PR.IR-04 is an availability control dressed as a resource planning requirement. Examiners and auditors read it as: “Show me you can keep the lights on, even when demand spikes or something breaks.” That means you need defensible capacity management across compute, storage, network, licenses, people, on-call coverage, and third-party dependencies that can bottleneck service availability.

This requirement applies whether you run a traditional data center, cloud-native workloads, SaaS platforms, or business-critical internal systems. It also applies when availability depends on third parties (cloud providers, managed service providers, payment processors, telecom, critical SaaS). If your organization claims alignment to NIST CSF 2.0, PR.IR-04 becomes a testable expectation: you should be able to point to documented targets, capacity models, monitoring, and an operating rhythm for scaling decisions.

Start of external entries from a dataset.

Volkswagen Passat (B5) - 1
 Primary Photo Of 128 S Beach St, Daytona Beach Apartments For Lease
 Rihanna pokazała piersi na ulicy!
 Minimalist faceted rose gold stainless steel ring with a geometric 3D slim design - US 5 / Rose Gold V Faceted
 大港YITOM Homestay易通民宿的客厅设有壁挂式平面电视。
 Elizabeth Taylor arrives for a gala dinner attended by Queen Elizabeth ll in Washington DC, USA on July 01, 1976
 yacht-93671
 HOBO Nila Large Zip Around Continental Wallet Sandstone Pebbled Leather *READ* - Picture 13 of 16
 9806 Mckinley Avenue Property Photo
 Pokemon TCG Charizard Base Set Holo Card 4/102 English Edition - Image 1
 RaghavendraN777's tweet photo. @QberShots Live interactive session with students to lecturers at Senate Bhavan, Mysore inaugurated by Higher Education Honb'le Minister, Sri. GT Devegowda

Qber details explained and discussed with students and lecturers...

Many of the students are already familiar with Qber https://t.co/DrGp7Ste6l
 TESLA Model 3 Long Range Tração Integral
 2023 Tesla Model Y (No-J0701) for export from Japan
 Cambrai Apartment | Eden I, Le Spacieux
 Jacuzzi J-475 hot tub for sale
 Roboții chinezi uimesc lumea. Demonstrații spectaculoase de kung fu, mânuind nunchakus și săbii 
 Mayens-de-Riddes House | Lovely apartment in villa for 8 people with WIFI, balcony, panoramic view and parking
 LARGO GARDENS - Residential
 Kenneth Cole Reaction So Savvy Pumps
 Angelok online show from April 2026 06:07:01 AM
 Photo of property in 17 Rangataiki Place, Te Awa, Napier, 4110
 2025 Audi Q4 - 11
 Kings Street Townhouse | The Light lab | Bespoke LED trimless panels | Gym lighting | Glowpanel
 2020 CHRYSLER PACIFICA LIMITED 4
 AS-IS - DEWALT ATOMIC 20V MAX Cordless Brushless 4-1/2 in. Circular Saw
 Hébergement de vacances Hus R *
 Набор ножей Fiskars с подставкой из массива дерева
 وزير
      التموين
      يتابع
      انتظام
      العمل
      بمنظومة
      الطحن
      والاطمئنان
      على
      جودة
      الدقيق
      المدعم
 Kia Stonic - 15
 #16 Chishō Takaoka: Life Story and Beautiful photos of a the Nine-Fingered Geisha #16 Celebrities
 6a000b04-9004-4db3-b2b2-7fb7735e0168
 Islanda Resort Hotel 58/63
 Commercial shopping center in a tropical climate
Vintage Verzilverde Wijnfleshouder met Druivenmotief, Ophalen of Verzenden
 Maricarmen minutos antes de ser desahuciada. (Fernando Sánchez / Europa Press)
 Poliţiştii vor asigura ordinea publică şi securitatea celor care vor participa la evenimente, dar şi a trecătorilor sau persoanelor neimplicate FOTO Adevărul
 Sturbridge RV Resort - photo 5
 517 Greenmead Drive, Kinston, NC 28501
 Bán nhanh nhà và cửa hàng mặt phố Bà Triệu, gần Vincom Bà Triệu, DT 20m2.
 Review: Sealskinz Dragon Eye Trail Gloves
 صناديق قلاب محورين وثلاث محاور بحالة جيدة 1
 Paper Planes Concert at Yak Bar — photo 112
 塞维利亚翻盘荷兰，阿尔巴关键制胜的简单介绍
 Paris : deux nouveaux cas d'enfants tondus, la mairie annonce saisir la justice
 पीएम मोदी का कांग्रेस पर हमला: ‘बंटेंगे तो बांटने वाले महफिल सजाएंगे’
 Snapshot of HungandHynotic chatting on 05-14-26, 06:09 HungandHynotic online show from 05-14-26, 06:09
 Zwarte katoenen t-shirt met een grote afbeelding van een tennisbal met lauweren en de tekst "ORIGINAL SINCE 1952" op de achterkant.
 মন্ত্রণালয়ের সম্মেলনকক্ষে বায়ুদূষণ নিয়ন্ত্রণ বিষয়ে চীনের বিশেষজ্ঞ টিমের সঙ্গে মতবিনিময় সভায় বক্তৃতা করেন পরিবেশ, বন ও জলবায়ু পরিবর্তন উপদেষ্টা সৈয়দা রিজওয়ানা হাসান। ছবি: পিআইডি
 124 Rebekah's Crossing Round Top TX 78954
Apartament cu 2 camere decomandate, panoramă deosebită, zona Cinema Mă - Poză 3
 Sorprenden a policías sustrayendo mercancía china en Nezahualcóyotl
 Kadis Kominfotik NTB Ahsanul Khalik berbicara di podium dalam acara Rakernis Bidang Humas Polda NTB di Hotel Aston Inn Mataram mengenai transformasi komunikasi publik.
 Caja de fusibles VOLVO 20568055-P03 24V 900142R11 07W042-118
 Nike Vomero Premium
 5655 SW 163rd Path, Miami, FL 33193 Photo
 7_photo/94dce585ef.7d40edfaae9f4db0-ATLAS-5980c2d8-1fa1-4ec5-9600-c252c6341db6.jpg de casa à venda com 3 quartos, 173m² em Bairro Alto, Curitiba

The fastest way to implement PR.IR-04 is to pick your “crown jewel” services, map their dependencies, define measurable capacity and availability thresholds, and build an evidence trail that shows you actively manage headroom—not just react to outages.

Regulatory text

Excerpt: “Adequate resource capacity to ensure availability is maintained.” 1

What an operator must do: Translate “adequate resource capacity” into measurable service-level commitments and supporting capacity thresholds, then operate a repeatable process that (1) forecasts demand, (2) monitors leading indicators, (3) scales resources or reduces load before service degradation, and (4) validates readiness through testing and reviews. Your audit posture depends on evidence that you planned for capacity and executed actions tied to maintaining availability. 1

Plain-English interpretation

PR.IR-04 requires you to avoid “availability surprises.” You are expected to know which systems must remain available, what “available” means for each, what capacity constraints can cause downtime or severe degradation, and how you will add capacity (or shed load) in time.

“Adequate” is contextual. For a customer-facing SaaS, it can mean autoscaling policies, resilient architecture, and 24/7 on-call coverage. For an internal finance system, it can mean scheduled capacity reviews, tested failover, and vendor support SLAs that match your recovery expectations. The common denominator is that availability is maintained through planned capacity, not luck.

Who it applies to

Entity scope: Any organization operating a cybersecurity program aligned to NIST CSF 2.0, especially those that deliver or depend on technology services where availability affects business operations. 2

Operational contexts where PR.IR-04 becomes exam-critical:

  • Customer-facing digital services: e-commerce, banking portals, healthcare apps, marketplaces, APIs.
  • Operational technology / critical operations: manufacturing execution systems, logistics platforms, call center telephony.
  • Cloud migrations: capacity risk shifts from hardware procurement to quotas, regional dependencies, and scaling design.
  • Third-party-dependent availability: managed hosting, CDN/WAF, identity providers, payment processors, and key SaaS platforms.
  • Regulated/contractual availability commitments: where SLAs, customer contracts, or internal risk appetite define availability expectations.

What you actually need to do (step-by-step)

1) Define the availability scope and owners

  1. Create (or confirm) a list of critical services (business services, not just servers).
  2. Assign each service a service owner and an operations owner (SRE/IT ops).
  3. Map each service to its availability objective (internal target and/or customer SLA) and the time windows that matter (business hours vs 24/7).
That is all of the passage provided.